The reason: COVID-19

It’s May 2020, and we’re in the middle of the first wave of the pandemic. The National Consortium for Medical Devices (Landelijk Consortium Hulpmiddelen / LCH) was established for the purpose of purchasing personal medical devices and protective equipment (including face masks, disposable gloves and disposable medical aprons) as quickly and efficiently as possible during the coronavirus pandemic.

 

The Consortium is firing on all cylinders to provide healthcare workers in hospitals, nursing homes, and other facilities with these supplies, as well as organizing emergency kits and standard kits for informal caregivers. Due to the urgency of the situation, speed of service is essential, but there are also stringent quality and hygiene standards to comply with.

 

The products used to produce the kits are supplied by companies located throughout the Netherlands. There’s also a huge diversity of supply: for example, some types of protective glasses come in boxes of 10, others in boxes of 100. It’s a massive logistics operation, one that not only must succeed under huge pressure, but must actually be up and running within one week. “Are you sure you’re up to the job?”, our contacts in The Hague ask us again.

 

Fotografie: Ministerie van VWS

 

The solution: Rapid action

“Sure, no problem,” is our answer, knowing full well we’re going to have to give it our all, since a job of this scale would be impossible during “normal” times. But if there’s anything that gets our and our partners’ juices flowing, it’s a good challenge.

 

So after receiving the call on Wednesday, we start collecting samples all over the country on Thursday, as well as making calculations and getting started on the packaging design. By Friday, we have the samples ready to be shipped to the Consortium for approval. The phone never stops ringing all weekend, and in between answering calls we design the instruction leaflet to be included in each kit. On Monday we process the project in our systems and have the leaflets printed.
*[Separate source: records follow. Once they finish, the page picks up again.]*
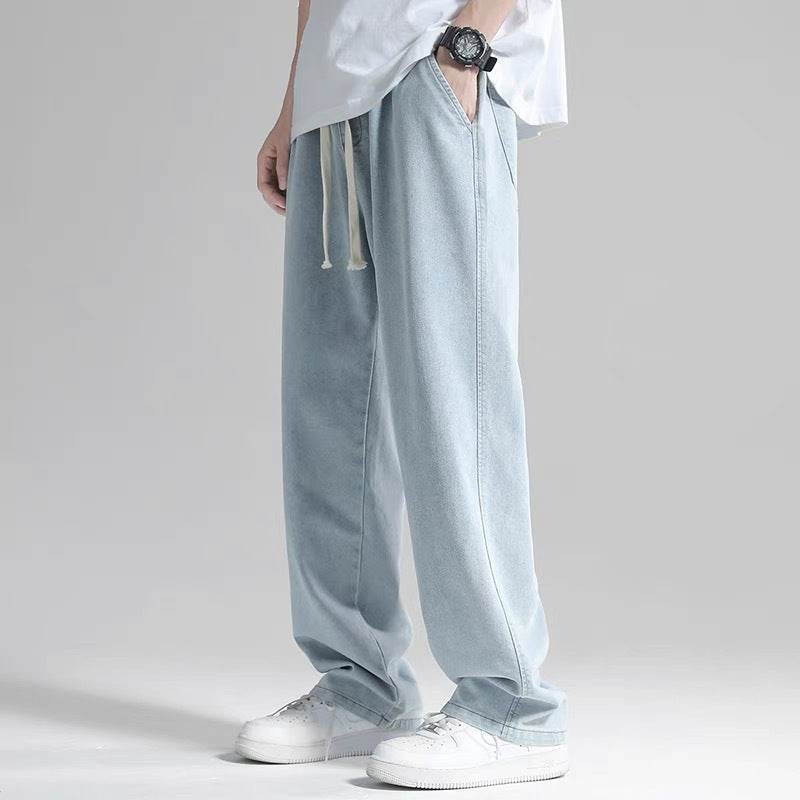 Men's Loose Wide Leg Straight Jeans - Cotton Casual Denim Pants - Buy Center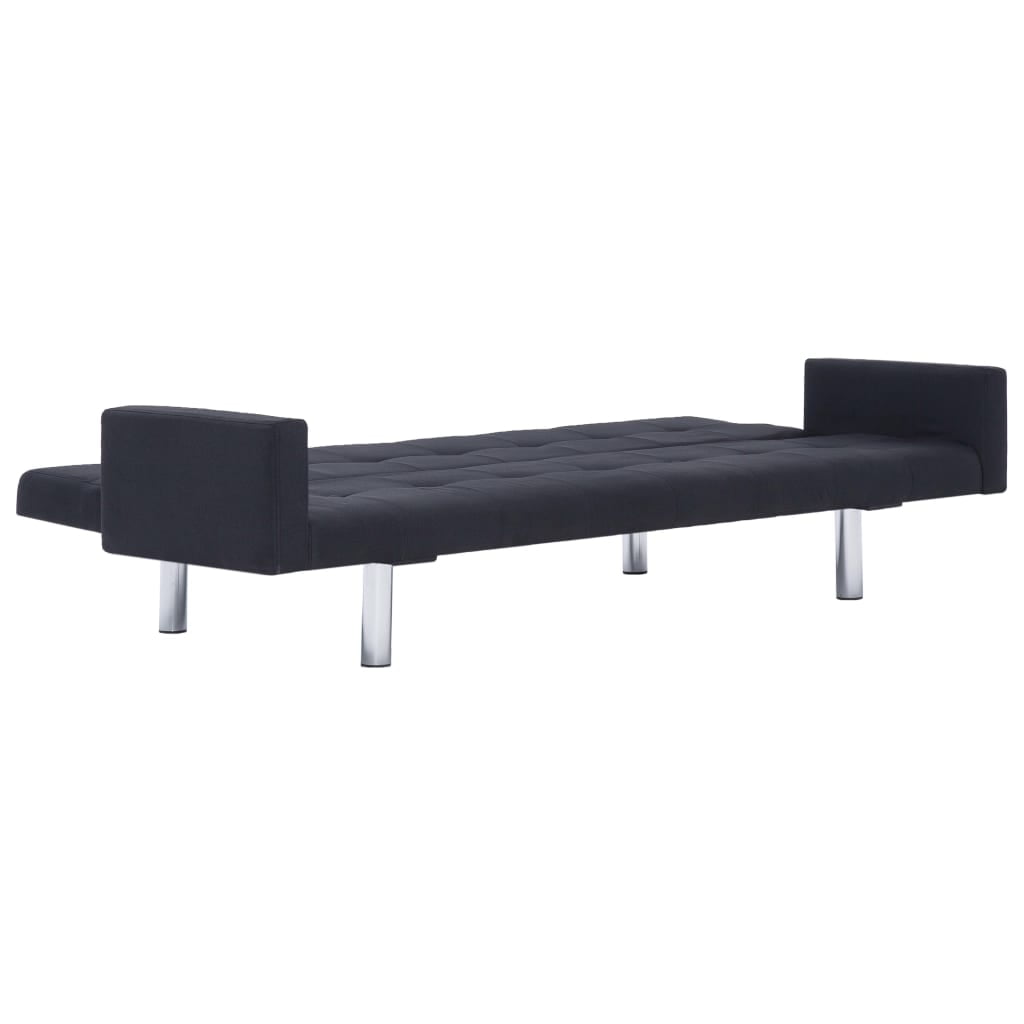 Kepooman Home Convertible Faux Leather Sofa Bed with Armrest for Living Room, Black Kepooman Home Convertible Faux Leather Sofa Bed with Armrest for Living Room, Black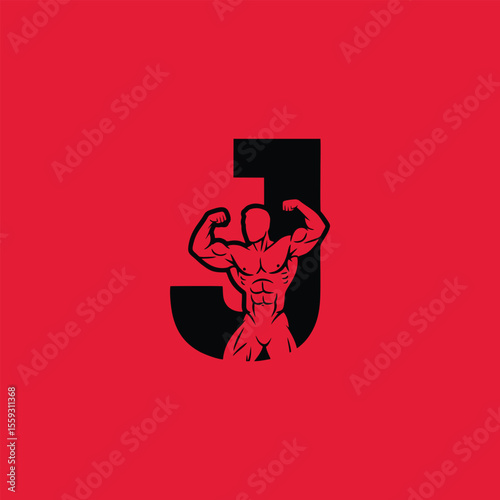 "Bodybuilder Inside Letter J Logo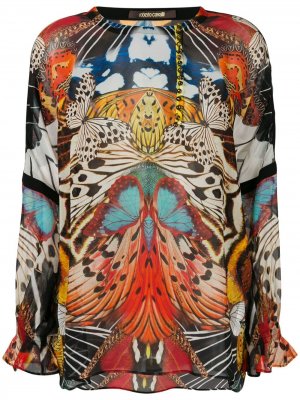 Butterfly print blouse Roberto Cavalli. Цвет: разноцветный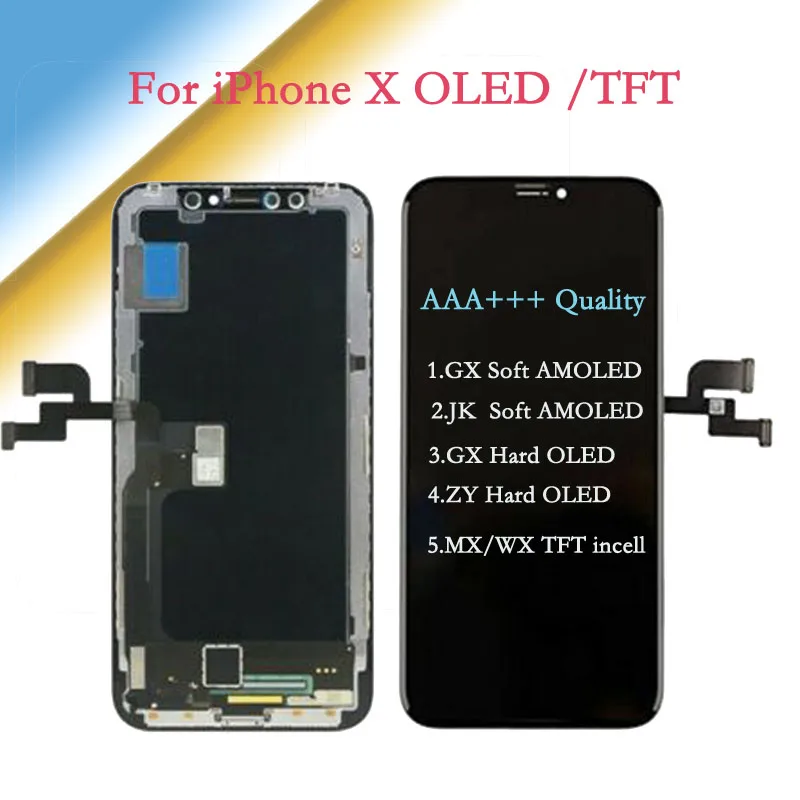 Koop AAA + + + Voor iPhone X AMOLED JK GX Zachte OLED Touch Screen Met Digitizer Vergadering GX ZY Hard OLED Vervanging Display TFT LCD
By Tuesday – just six days after that initial phone call – our Personal Care division is ready for action, backed by a team of dozens of temporary workers recruited in record time by our sister company Crown Uitzendbureau, a provider of temporary staffing services.

 

We’re producing tens of thousands of kits a week right off the bat, and we’ll continue to do so even many months later.

 


"Can you handle this sort of thing?”

Sure, no problem,is our answer.

This is Personal Care at the very highest level

 

The Partnership

We’ve always known we’re good at thinking on our feet, but we can honestly say we outdid ourselves in getting this challenging project off the ground. Every division involved – from Sales to Production and from Quality Assurance to Admin – went into overdrive to deliver the right combination of speed and high quality.

 

We should also give credit to our partners in this project: Bannink, which supplied the corrugated board; Perqa for their ultrafast printing; and the National Consortium for Medical Devices itself, of course. While we may sometimes like to grumble about government services, what the Consortium managed to get done in such a short space of time – while simultaneously juggling numerous similar projects, no less – was nothing short of spectacular.

 

Sure, it was a time of unprecedented crisis, and we’ve all felt – and continue to feel – the impact of the pandemic, but one thing we’ve learned is just how much we can accomplish when we all work together, trust each other, and give everyone the freedom to do what they do best. It’s the only way you can produce tens of thousands of aid kits within the space of a week... This is Personal care, at the very highest level.